• WHAT THIS TASK INVOLVES: Do not copy the pictures. Write out the lines from the start of the entries through the line containing "Used 2024 Toyota".

Top of RECORDS FOR PROCESSING

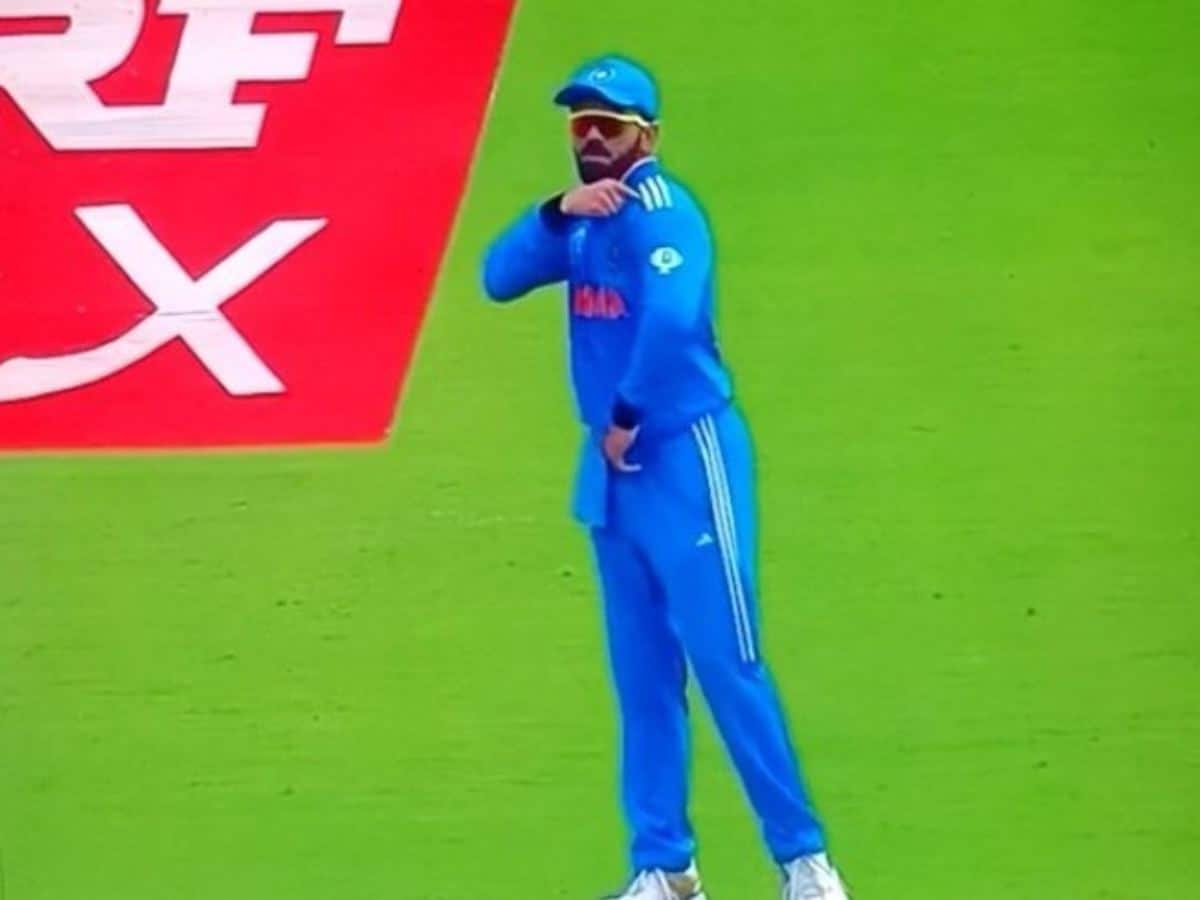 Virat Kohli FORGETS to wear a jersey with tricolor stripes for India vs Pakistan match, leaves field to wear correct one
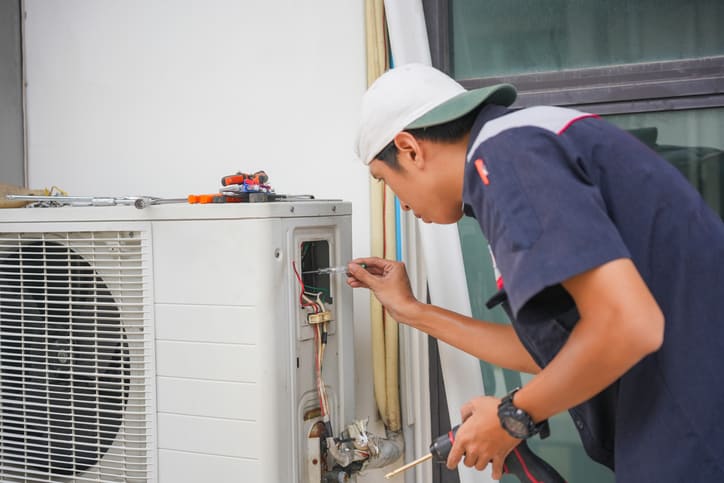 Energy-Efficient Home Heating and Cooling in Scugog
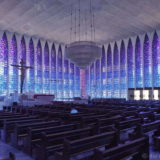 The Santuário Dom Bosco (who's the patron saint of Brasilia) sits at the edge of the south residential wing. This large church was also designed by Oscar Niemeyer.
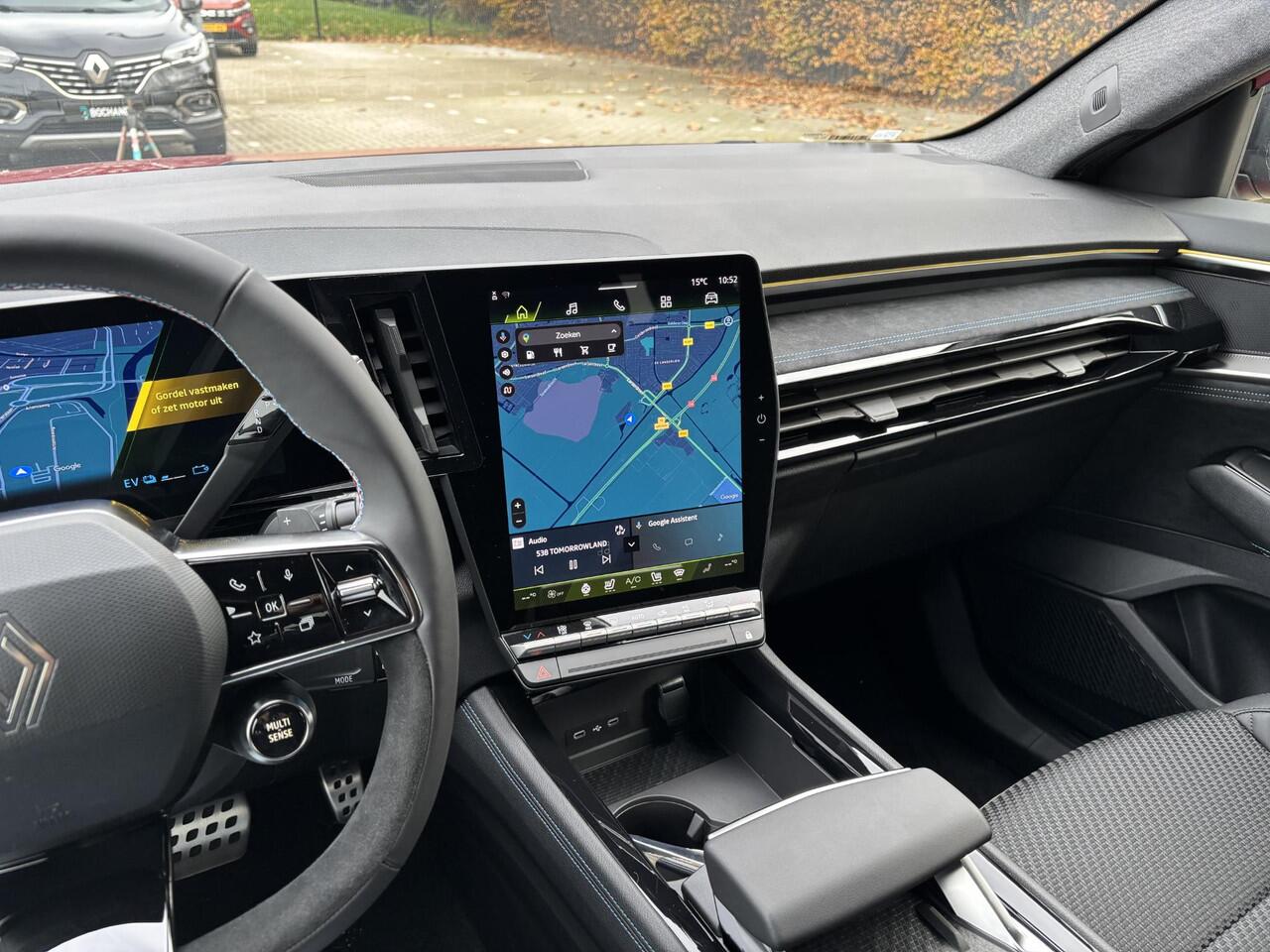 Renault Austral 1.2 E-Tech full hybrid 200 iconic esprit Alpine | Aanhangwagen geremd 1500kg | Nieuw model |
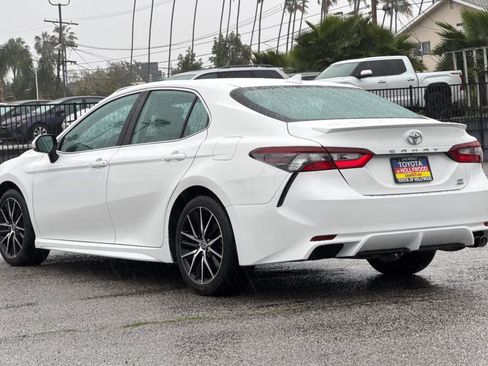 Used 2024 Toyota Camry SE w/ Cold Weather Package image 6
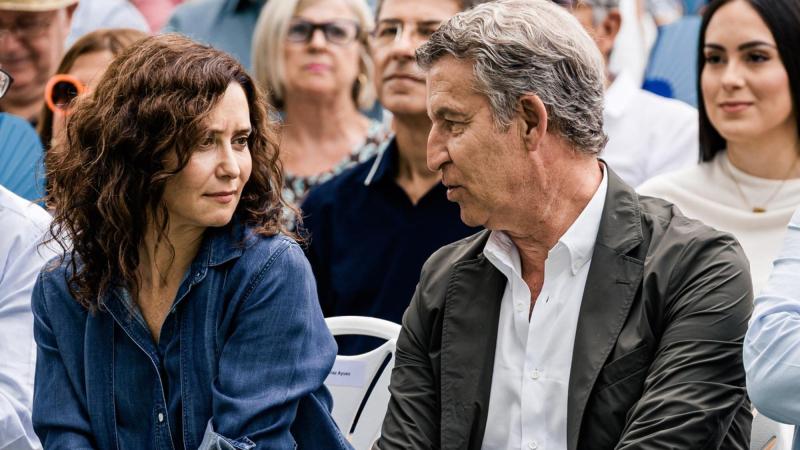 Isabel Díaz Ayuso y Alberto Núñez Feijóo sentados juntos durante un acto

Bottom of RECORDS FOR PROCESSING

• PROBLEM SOLUTION:
 Virat Kohli FORGETS to wear a jersey with tricolor stripes for India vs Pakistan match, leaves field to wear correct one
 Energy-Efficient Home Heating and Cooling in Scugog
 The Santuário Dom Bosco (who's the patron saint of Brasilia) sits at the edge of the south residential wing. This large church was also designed by Oscar Niemeyer.
 Renault Austral 1.2 E-Tech full hybrid 200 iconic esprit Alpine | Aanhangwagen geremd 1500kg | Nieuw model |
 Used 2024 Toyota Camry SE w/ Cold Weather Package image 6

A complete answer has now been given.